BEGIN TASK INPUTS

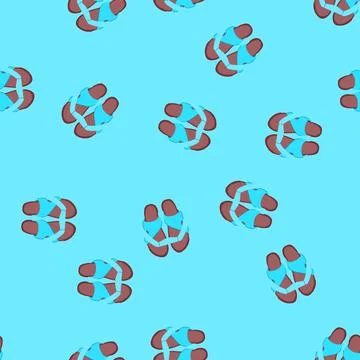 Seamless pattern slides beach footwear cartoon vector 库存插图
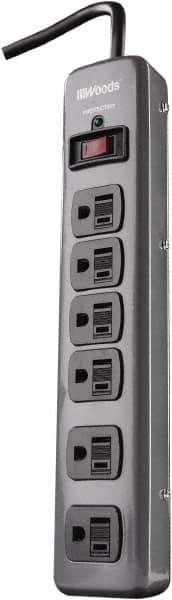 Woods PRO - 6 Outlets, 125 Volts, 15 Amps, 3' Cord, Power Outlet Strip - Keyhole Mount, 5-15 NEMA Configuration, 11-3/4" Strip, cULus - Industrial Tool & Supply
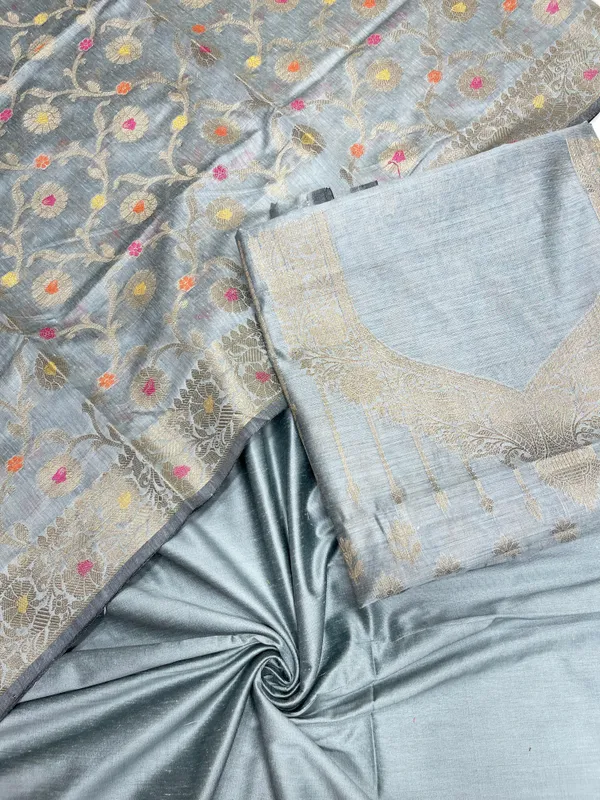 Humairah_Grey_Cotton_Necklace_Floral_Stripe_Zari_Jaal_3_pcs_Suit_set_with_Plain_Bottom_and_Alfi_Zari_Mina_Jaal_Grey_Dupatta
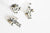 Pendentif croix jaspe dalmatien naturel, fournitures créatives,pendentif pierre, support argent, création bijoux, jaspe naturel, 29mm-G1695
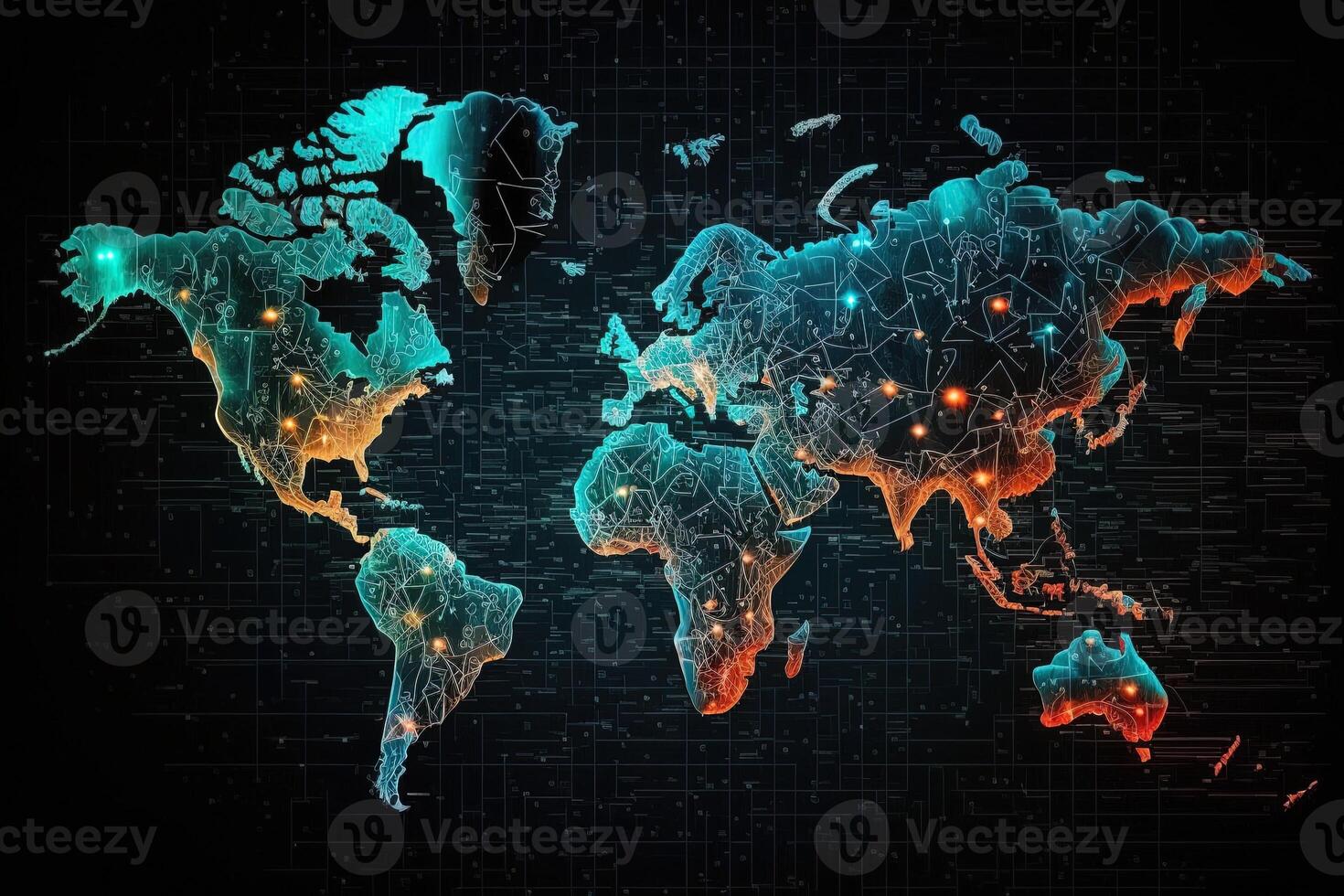 Global map of the world, the earth communication technologies with internet effect. Futuristic modern photo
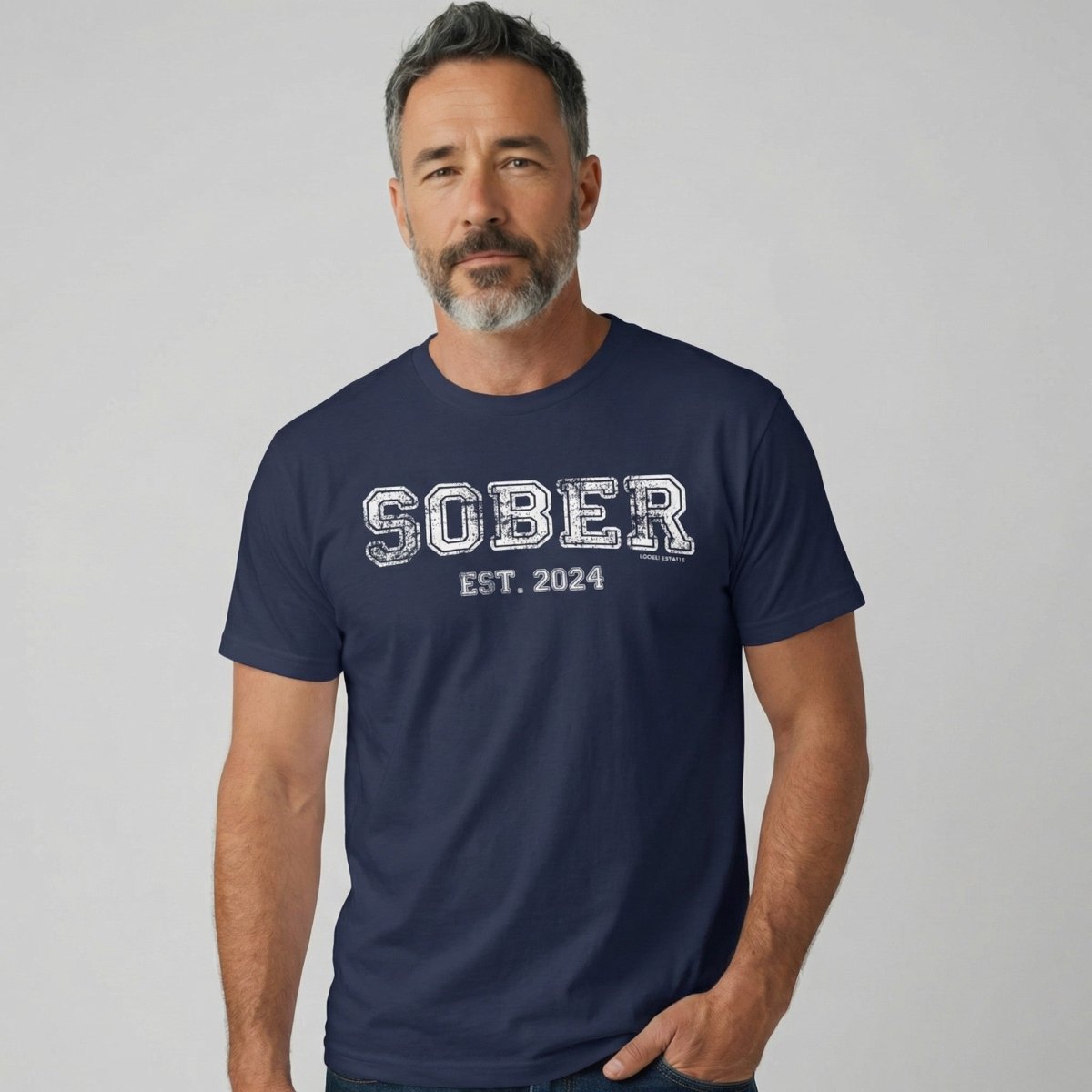 Sober Est. Year w Personalized Sobriety Year Sober T Shirt close-up view (view 22)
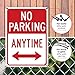 Sigo Signs - No Parking Anytime Sign, with Arrows 10x14 Inches, Rust Free .040 Aluminum, Fade Resistant, Made in USA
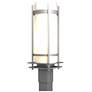 Banded Outdoor Post Light - Steel Finish - Opal Glass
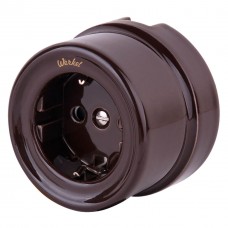 Розетка Werkel с заземлением Retro коричневая WL18-03-01 4690389100710 Розетка Werkel с заземлением Retro коричневая WL18-03-01 4690389100710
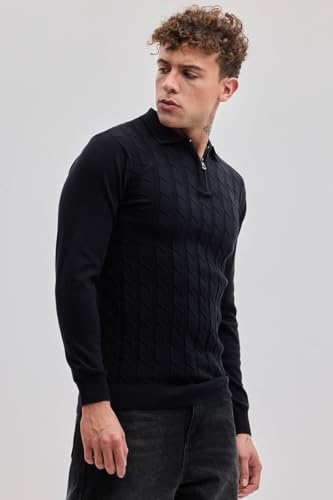 Image of SNITCH Black Knitted Polo T-Shirts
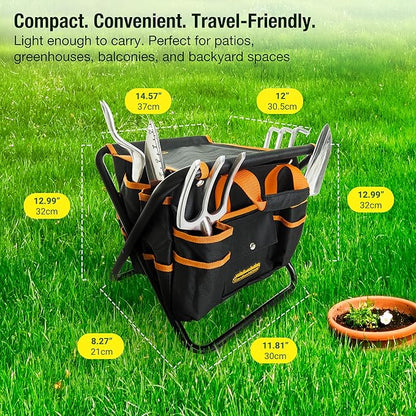 GardenHOME 7-Piece Garden Tool Set – Stainless Steel Tools with Folding Stool & Tote Bag, Black and Orange, Practical Kit for Men and DIY Yard Work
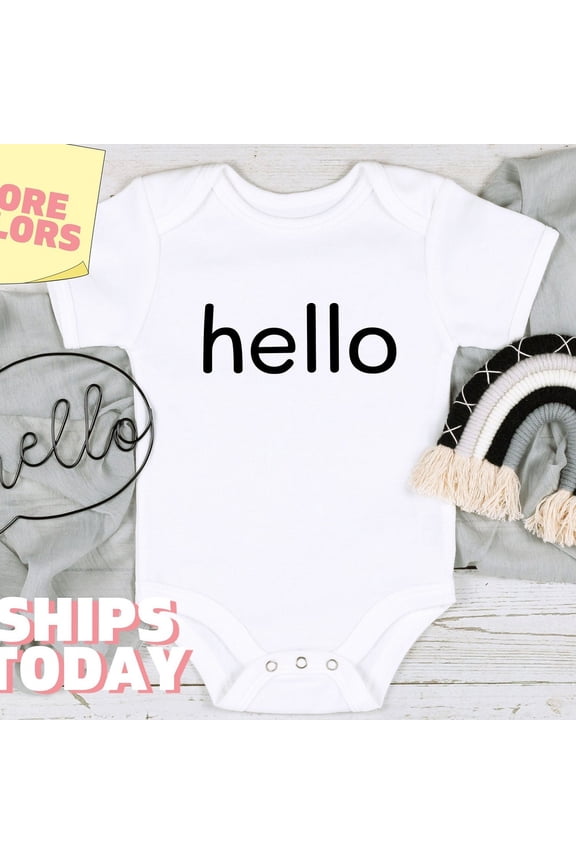 Baby Bodysuit BELLA CANVAS Hello Cute Baby Onesies, Baby Shirt, Cute Baby Shower Gift, Funny Baby Shirt, Pregnancy Announcement, Kids Tshirt, Say Hi Newborn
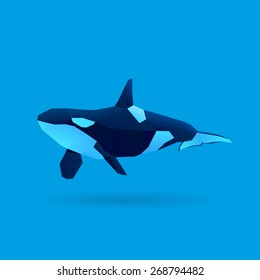 polygonal illustration of killer whale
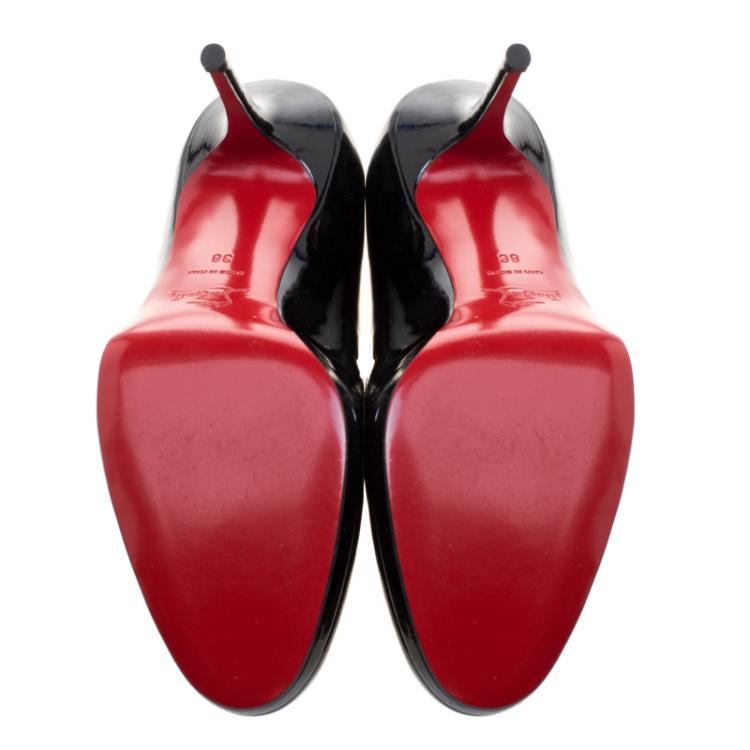 Pre Owned Christian Louboutin Black Patent Leather Prorata Pumps Size 38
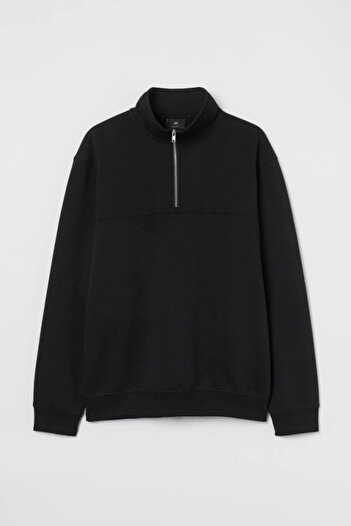 buğrahayalin    Oversize Half Zip Collar Basic Sweatshirt - Black
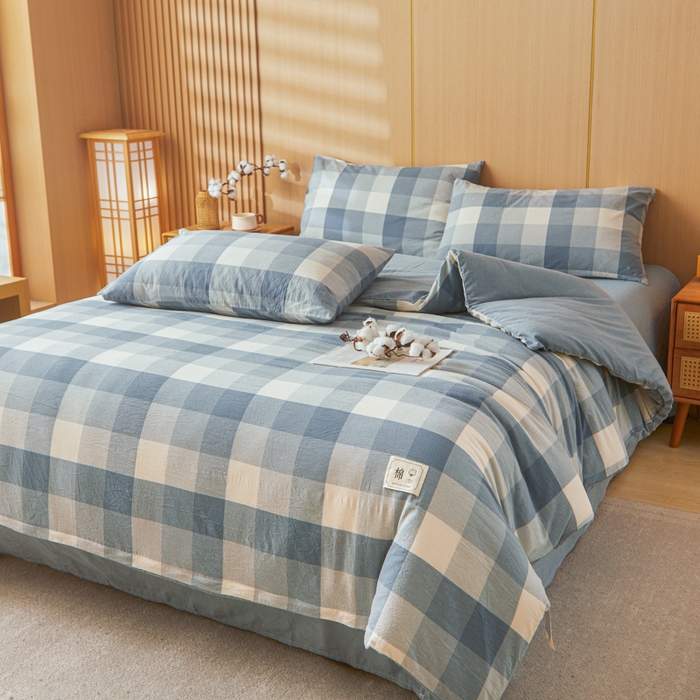 91家纺网 家纺一手货源 找家纺 爱屋及屋 2025新款水洗棉可拆洗棉花被被子被芯 蓝中格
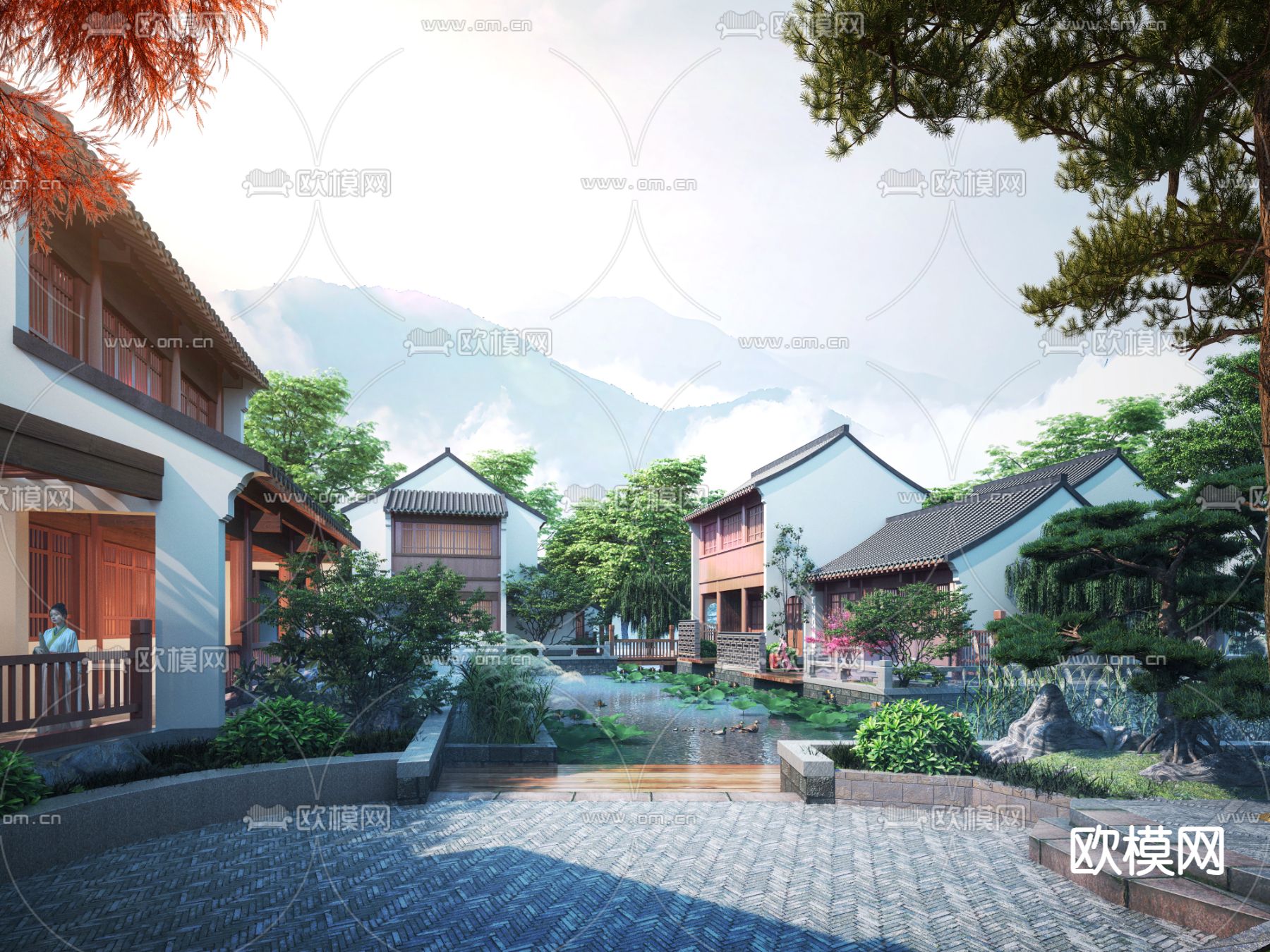 新中式古建 湿地公园3d模型下载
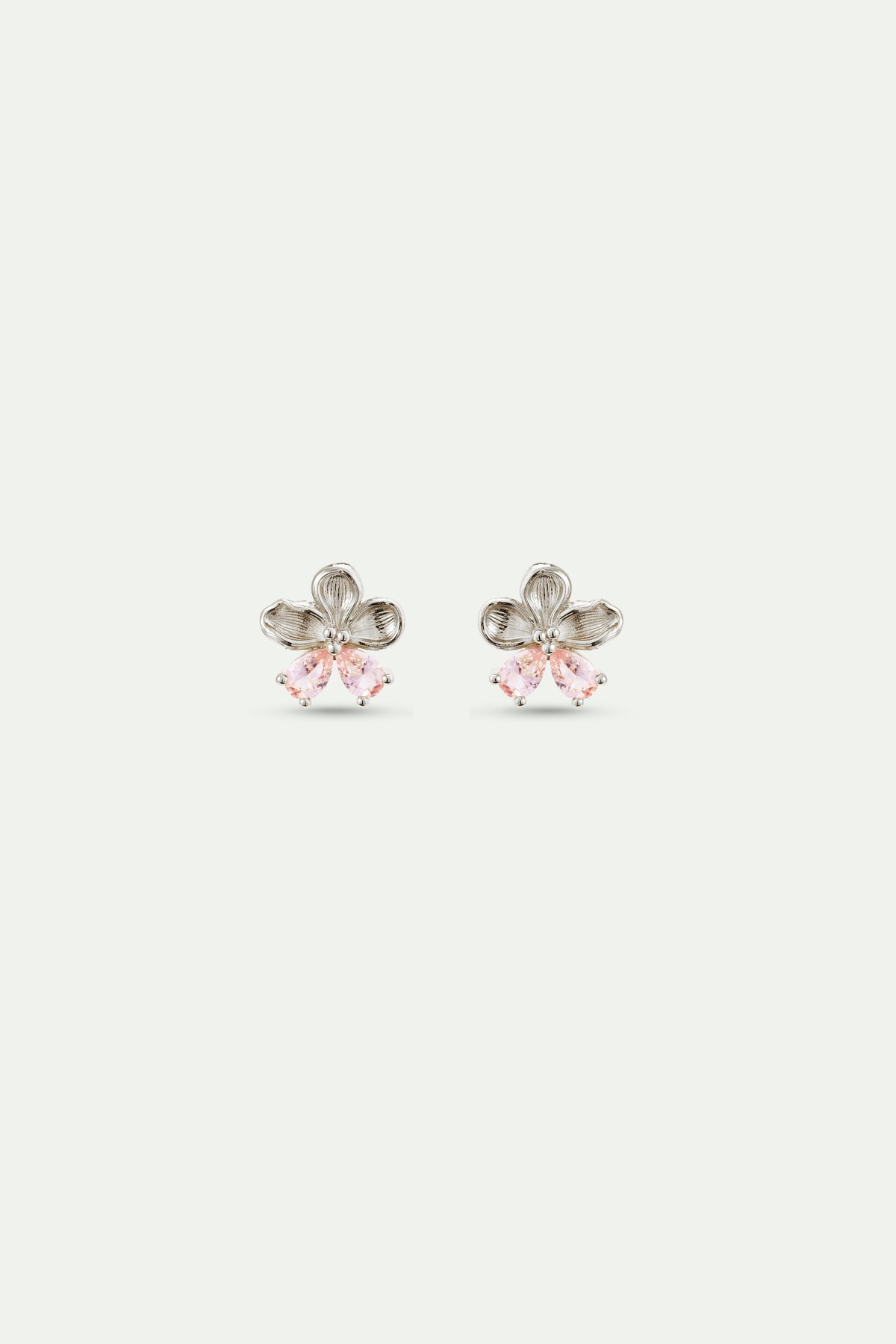 Boucles d'oreilles tiges argentées fleur de cerisier et pierres roses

END TASK INPUTS

THE PROBLEM — Take the line with "Banded Outdoor Post" as the first line and the last line of the records above as the final one; reproduce exactly the lines between them, both included, without pictures.

OUTPUT FOR THIS EXERCISE —
 Banded Outdoor Post Light - Steel Finish - Opal Glass
 Розетка Werkel с заземлением Retro коричневая WL18-03-01 4690389100710 Розетка Werkel с заземлением Retro коричневая WL18-03-01 4690389100710
 Image of SNITCH Black Knitted Polo T-Shirts
 GardenHOME 7-Piece Garden Tool Set – Stainless Steel Tools with Folding Stool & Tote Bag, Black and Orange, Practical Kit for Men and DIY Yard Work
 Baby Bodysuit BELLA CANVAS Hello Cute Baby Onesies, Baby Shirt, Cute Baby Shower Gift, Funny Baby Shirt, Pregnancy Announcement, Kids Tshirt, Say Hi Newborn
 polygonal illustration of killer whale
 Pre Owned Christian Louboutin Black Patent Leather Prorata Pumps Size 38
 buğrahayalin    Oversize Half Zip Collar Basic Sweatshirt - Black
 91家纺网 家纺一手货源 找家纺 爱屋及屋 2025新款水洗棉可拆洗棉花被被子被芯 蓝中格
 新中式古建 湿地公园3d模型下载
 Boucles d'oreilles tiges argentées fleur de cerisier et pierres roses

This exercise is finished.